─── Records for processing ───

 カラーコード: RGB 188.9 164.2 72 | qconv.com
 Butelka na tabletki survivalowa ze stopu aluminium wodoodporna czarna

───
─── Records for processing ───

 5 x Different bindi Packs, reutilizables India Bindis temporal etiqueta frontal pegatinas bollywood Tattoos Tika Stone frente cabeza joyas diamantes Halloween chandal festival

───

* What to produce
Find where the line with "カラーコード: RGB 188.9 164.2 72 | qconv.com" sits in the material above, then copy exactly from it through the line with "Butelka na tabletki". Add no other line.

* Answer space
 カラーコード: RGB 188.9 164.2 72 | qconv.com
 Butelka na tabletki survivalowa ze stopu aluminium wodoodporna czarna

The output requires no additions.